Untuk melaksanakan tujuan hidup, yaitu melakukan kebajikan sebanyak-banyaknya, maka seseorang perlu untuk memiliki pemikiran, sikap, tindakan, dan perilaku yang memperlihatkan substansi siap berkorban. Dengan substansi ini, maka orang tersebut dapat memberikan atau mengerjakan sesuatu yang bernilai dalam hidupnya, untuk dipersembahkan kepada orang lain atau suatu masyarakat, agar dapat bersama-sama mencapai kemuliaan.


Salah satu wujud kesiapan berkorban, adalah kesediaan seseorang untuk mengendalikan emosinya.

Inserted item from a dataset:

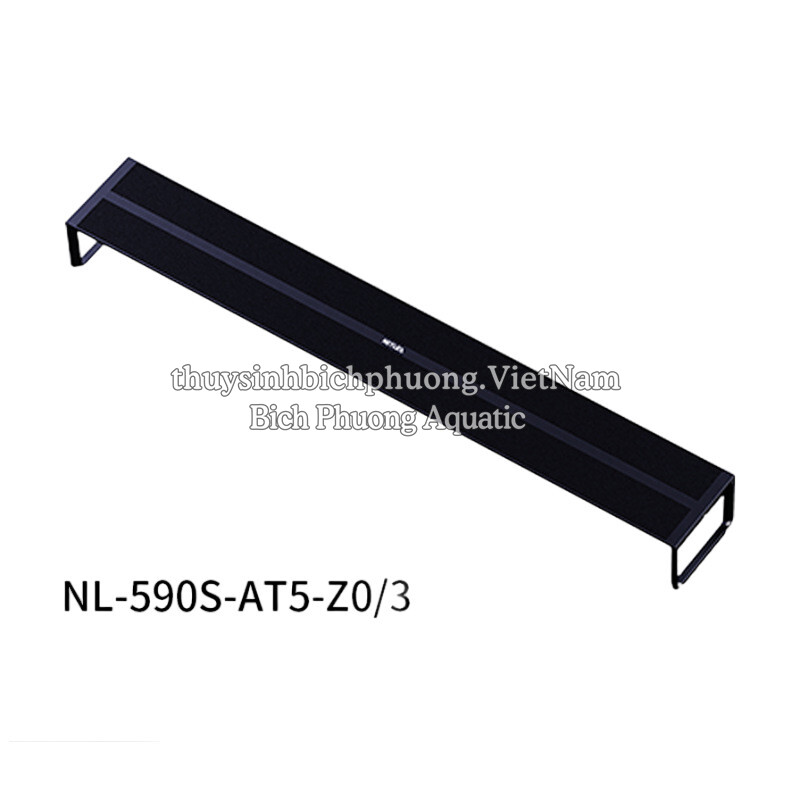 ĐÈN LED NETLEA AT5S VER 2 CÓ GIỌNG NÓI 30CM|40CM|60CM|80CM|90CM|120CM CAO CẤP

Hal ini penting, karena pada saat seseorang sedang mengendalikan emosinya banyak energi dalam dirinya yang tercurah untuk keperluan ini. Oleh sebab itu, seseorang yang sedang atau telah berhasil mengendalikan emosi akan nampak mengalami kelelahan.


Salah satu contoh kesediaan berkorban, adalah kesediaan seorang pengelola perusahaan mengorbankan hubungan baik yang telah dijalinnya bertahun-tahun dengan orang kepercayaannya, demi menyelamatkan perusahaan dari kehancuran.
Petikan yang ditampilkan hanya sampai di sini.